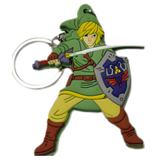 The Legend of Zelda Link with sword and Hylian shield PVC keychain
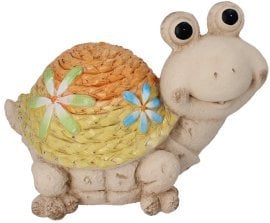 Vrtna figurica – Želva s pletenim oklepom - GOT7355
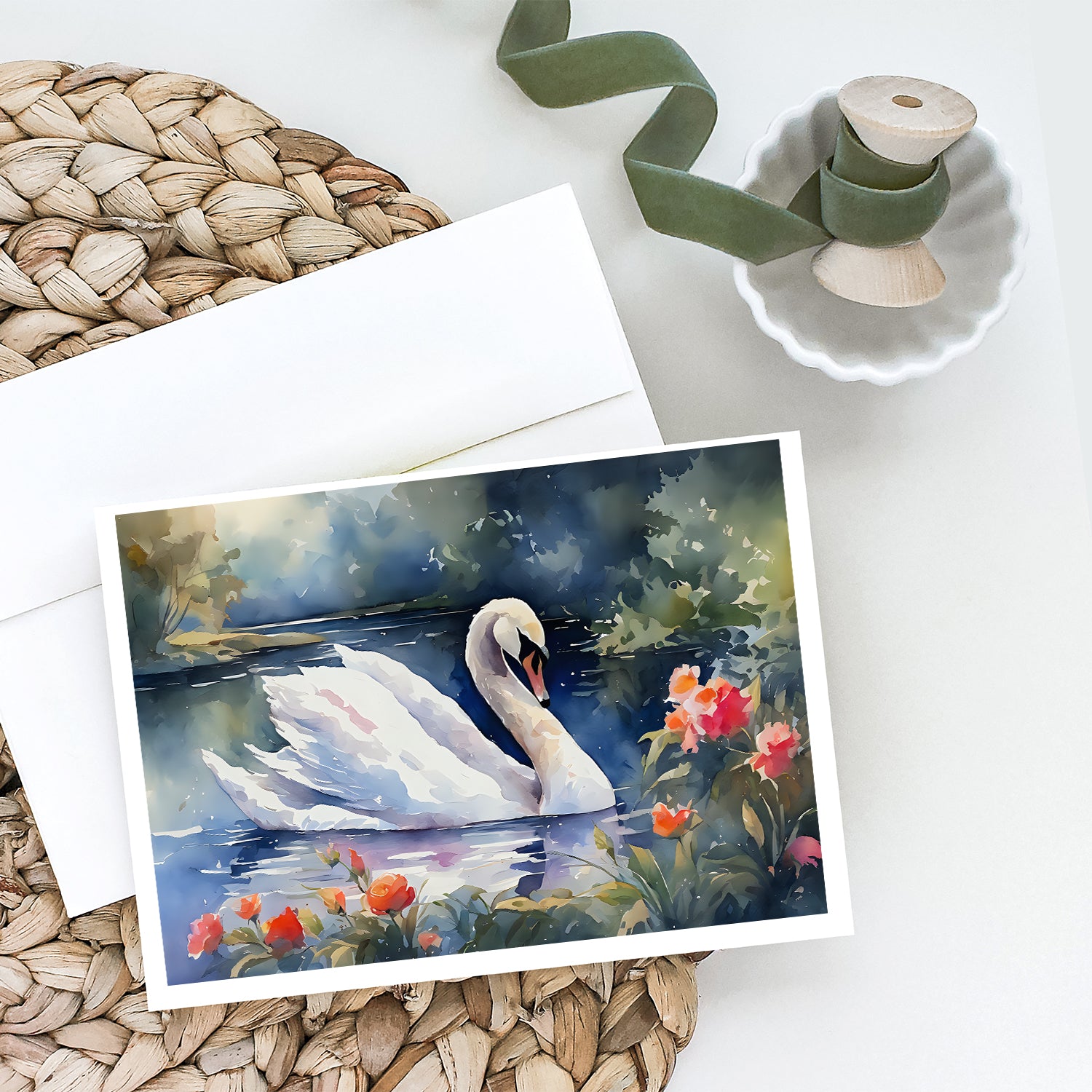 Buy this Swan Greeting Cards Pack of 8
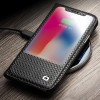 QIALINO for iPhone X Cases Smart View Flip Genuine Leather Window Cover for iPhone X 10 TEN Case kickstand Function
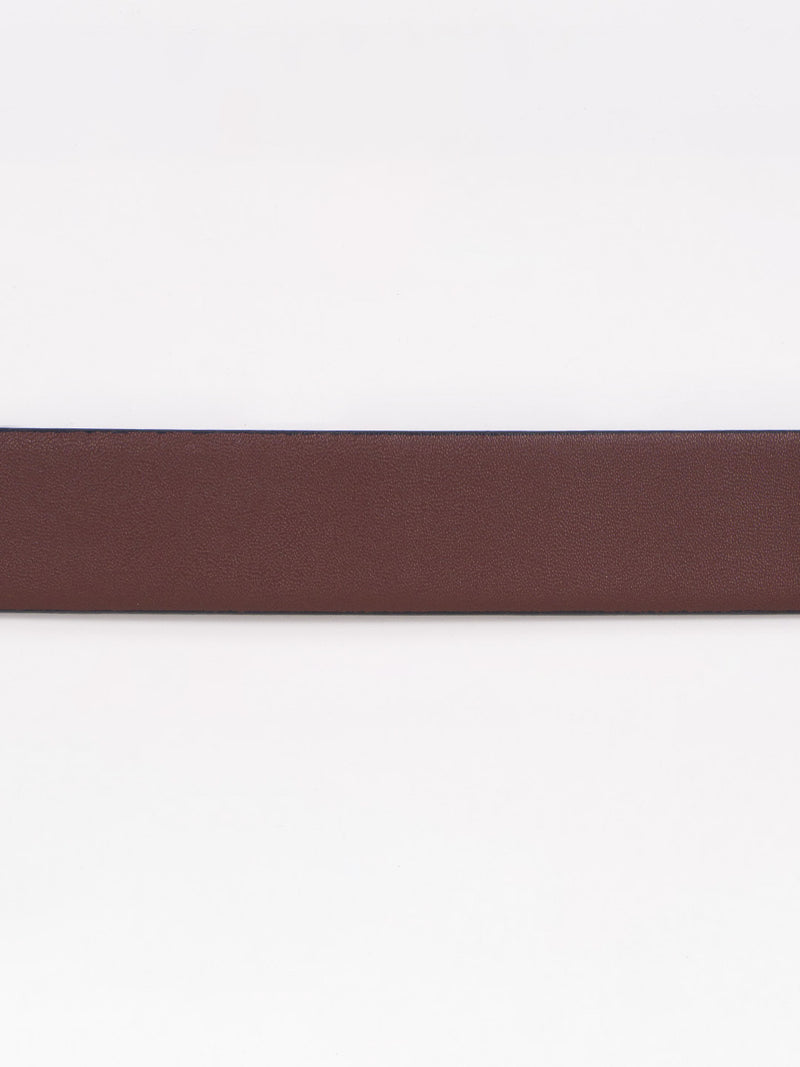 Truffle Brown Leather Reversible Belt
···
Using the listing above, copy exactly the lines from the one that contains "Buy this Swan Greeting Cards Pack of 8" through its last line, both included, but not the pictures.

 Buy this Swan Greeting Cards Pack of 8
 QIALINO for iPhone X Cases Smart View Flip Genuine Leather Window Cover for iPhone X 10 TEN Case kickstand Function
 Truffle Brown Leather Reversible Belt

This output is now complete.